I don't understand what you are given here. The things that you are supposing are statements that are assumed to be true. All you have here are two expressions, f(z) and f(z) - conj(f(z)). Is there some relationship between these two expressions, such as an equation?

proof f(z) is constant on D

Homework Equations

The Attempt at a Solution

If I write the equations as f(x,y) = u(x,y) + i*v(x,y)

then f(z) - conj(f(z))

= u(x,y) + i*v(x,y) - (u(x,y) - i*v(x,y))

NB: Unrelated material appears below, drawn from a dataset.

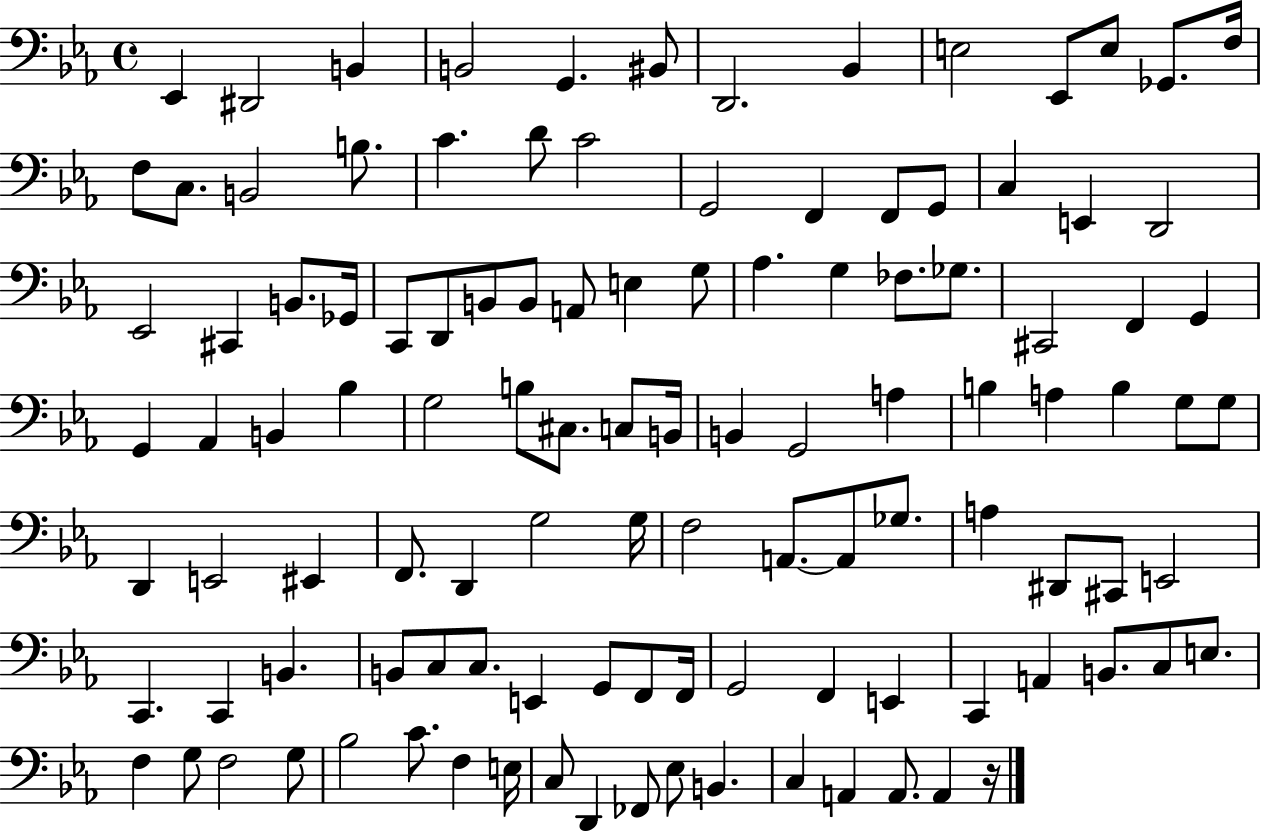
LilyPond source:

and the u(x,y) cancel out and we are left with

f(z) - conj(f(z)) = 2*i*v(x,y)

and by the Cauchy Riemann eq

\frac {du}{dx} = \frac {dv}{dy}

\frac {du}{dy} = - \frac {dv}{dx}

since u(x,y) = 0 for f(z) - conj(f(z)) = 2*i*v(x,y)

in order for \frac {du}{dy} u(x,y) = - 2*i*\frac {dv}{dx}v(x,y)

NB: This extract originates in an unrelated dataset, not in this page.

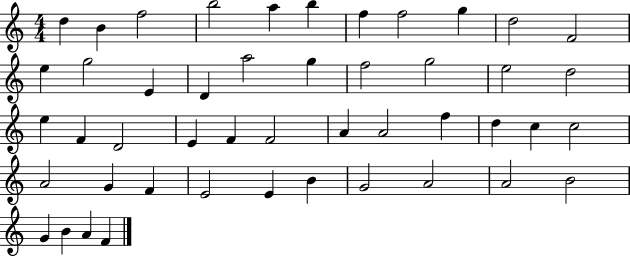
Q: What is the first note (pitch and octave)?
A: D5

f(z) has to be constand on D

 

[squaremeplz]

Im sorry, the problem is: assume that t f(z) and f(z) - conj(f(z)) are both analytic in a domain D. Prove thet f(z) is constant on D

 

[Mark44]

OK, now I follow what you're trying to do.

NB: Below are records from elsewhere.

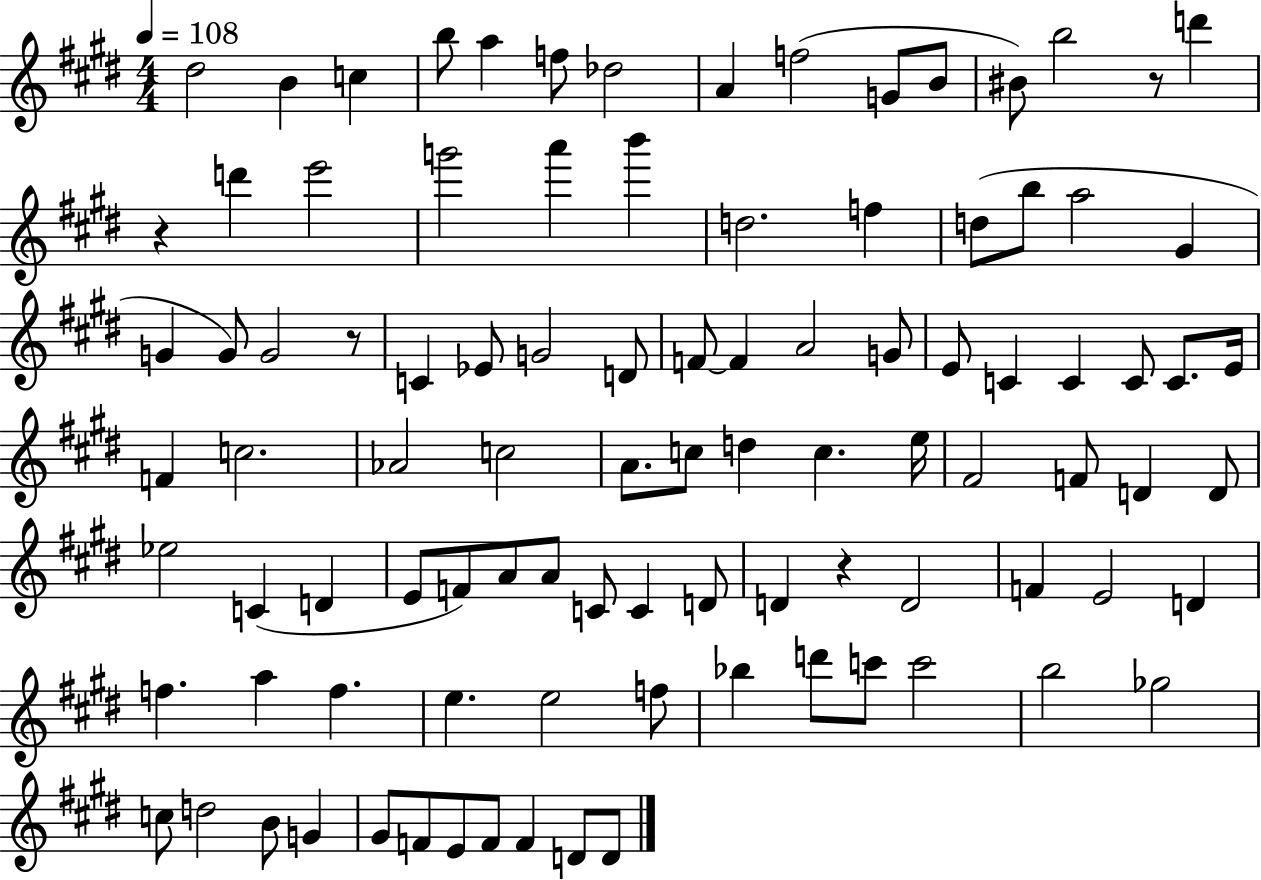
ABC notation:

X:1
T:Untitled
M:4/4
L:1/4
K:E
^d2 B c b/2 a f/2 _d2 A f2 G/2 B/2 ^B/2 b2 z/2 d' z d' e'2 g'2 a' b' d2 f d/2 b/2 a2 ^G G G/2 G2 z/2 C _E/2 G2 D/2 F/2 F A2 G/2 E/2 C C C/2 C/2 E/4 F c2 _A2 c2 A/2 c/2 d c e/4 ^F2 F/2 D D/2 _e2 C D E/2 F/2 A/2 A/2 C/2 C D/2 D z D2 F E2 D f a f e e2 f/2 _b d'/2 c'/2 c'2 b2 _g2 c/2 d2 B/2 G ^G/2 F/2 E/2 F/2 F D/2 D/2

in order for \frac {du}{dy} u(x,y) = - 2*i*\frac {dv}{dx}v(x,y)
f(z) has to be constand on D

I think you're waving your hands here. You have established from the given conditions that u(x, y) = 0, so what you have is (with derivatives changed to partial derivatives):
- 2*i*\frac {\partial}{\partial x}v(x,y) = 0
This says that v(x, y) = g(x) + C, where g is a function of x alone.

From your Cauchy-Riemann equations, what can you say about
\frac {\partial}{\partial y}v(x,y)?

 

[squaremeplz]

thanks for the reply.

\frac {\partial}{\partial y} v(x,y) = 0 by the riemann eq.

so this says that

v(x,y) = g(y) + C

which is a contradiction to your first statement and hence

v(x,y) = C

does this make sense?

thanks!

 

[Mark44]

Yes, makes sense.

 

[squaremeplz]

ok but doesn't that show that f(z) - conj(f(z)) is constant on D. how do I tie this into f(z) alone?

 

[Mark44]

ok but doesn't that show that f(z) - conj(f(z)) is constant on D. how do I tie this into f(z) alone?

No, it shows that f(z) is constant on D. Recall that you defined f(z) = f(x,y) = u(x,y) + i*v(x,y) back in your original post.